La nuit des lames rouges *1*

L’Impératrice venait seulement de mourir. Un épais nuage de poussière noire inondait les ruelles de Sizite. L’odeur de la mort se répandait dans les maisons, rattrapant les habitants qui n’auraient pas assisté au spectacle. Les Dieux venaient annoncer la fin de l’aséthriste, cela ne faisait aucun doute pour les sihonnites. Et cette apocalypse matérialisée était le funeste message qu’ils envoyaient. Mais les citoyens de Sihonné ne ressentaient aucune peur pour autant. Ils avaient la certitude que l’Impératrice avait réussi et que le sort du peuple était sauf. Et à vrai dire, si la peine était là, elle s’exprimait de façon plutôt modeste et modérée. Les pleurs étaient peu nombreux, principalement les très proches de l’Impératrice, comme sa famille ou certaines des asistis.

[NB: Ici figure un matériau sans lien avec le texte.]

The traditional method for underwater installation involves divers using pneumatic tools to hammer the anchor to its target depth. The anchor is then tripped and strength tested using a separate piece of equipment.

Pleur pouvait même paraître exagéré. Des sanglots, des reniflements, quelques larmes, tout au plus. Tristesse il y avait, mais contenue. Un sihonnite n’exhibait jamais ses ressentis et sentiments quand il s’agissait d’un malheur. Même en cas de décès. Même pour un proche.

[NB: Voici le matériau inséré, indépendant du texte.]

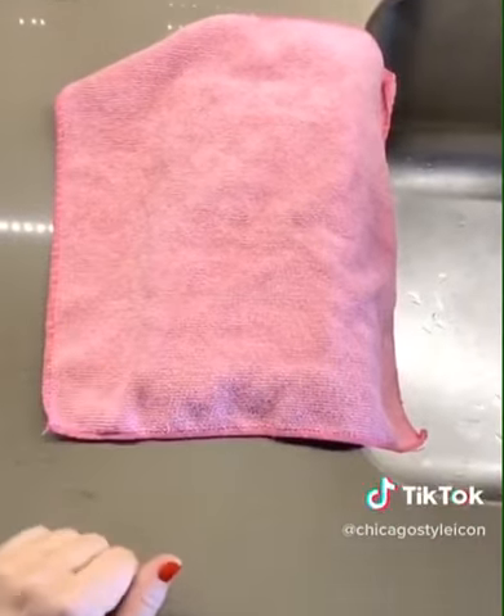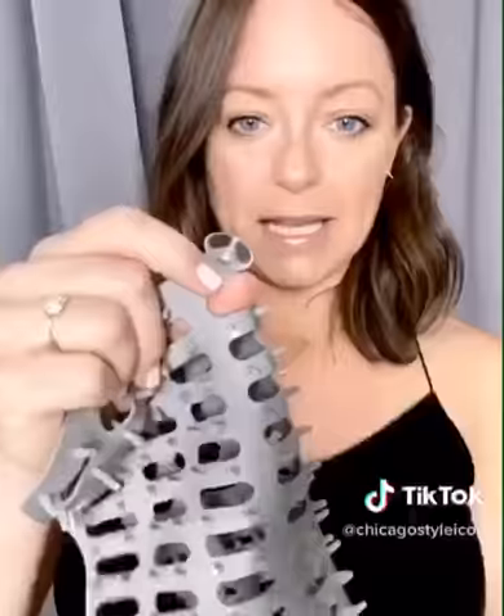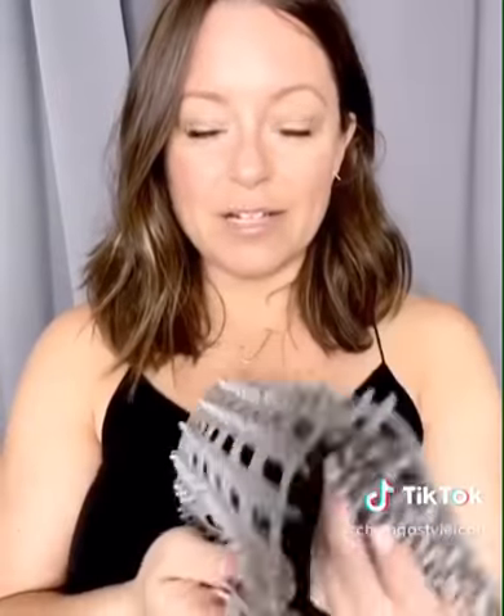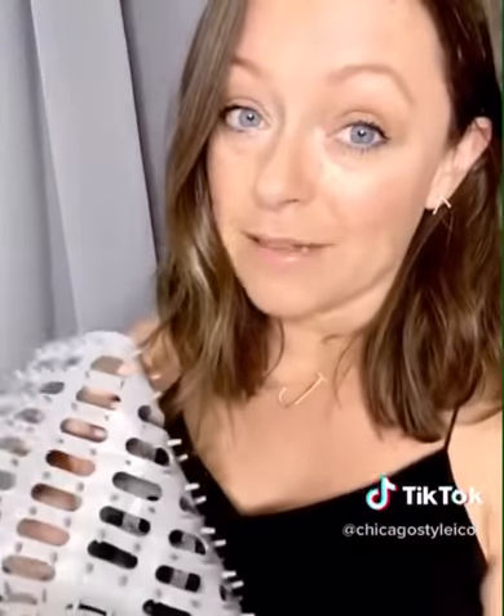I have a ton of microfibers and this has been amazing. I love how the microfiber just lays on top of it and doesn't move. The suction cups here and here stick to your countertop and your sink and don't go anywhere. My towels are drying so much more quickly than they used to. You can find the link to this in my bio and I want to thank Dishbone for sending this to me because I absolutely love it.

Chacun serait retourné à ses occupations. Chacun aurait repris le cour de son existence avec une petite pensée enfouie pour l’Impératrice Sohina. La civilisation sihonnite devait continuer d’exister, continuer de prospérer. Tout rentrerait dans l’ordre d’ici quelques heures. Quelques minutes. Mais il n’en fut pas ainsi. Et c’est à ce moment là qu’intervint le sénateur Matrémi appuyé par son camarade Octivus Noméanus et une grande majorité du sénat. En tout une cinquantaine d’hommes qui se regroupèrent et se mirent en face de la foule silencieuse.

- « Mes chers amis », harangua Matrémi l’air grave et peiné. « Notre grande Impératrice est morte pour nous. Nous lui devons la vie. Nous lui devons l’avenir de la civilisation Sihonnite. C’est pourquoi je vous demanderais à tous de partager la même peine et de marquer notre chagrin par une journée d’isolement commémoratif. Vous devrez tous quitter votre activité, votre travail, votre occupation pour retrouver vos demeures, et ceci pendant une durée de deux lunes. En hommage à votre Impératrice, vous observerez le jeûne sur cette même durée ainsi que le silence. Bon repos les amis, et que les Dieux vous soient bons et favorables. »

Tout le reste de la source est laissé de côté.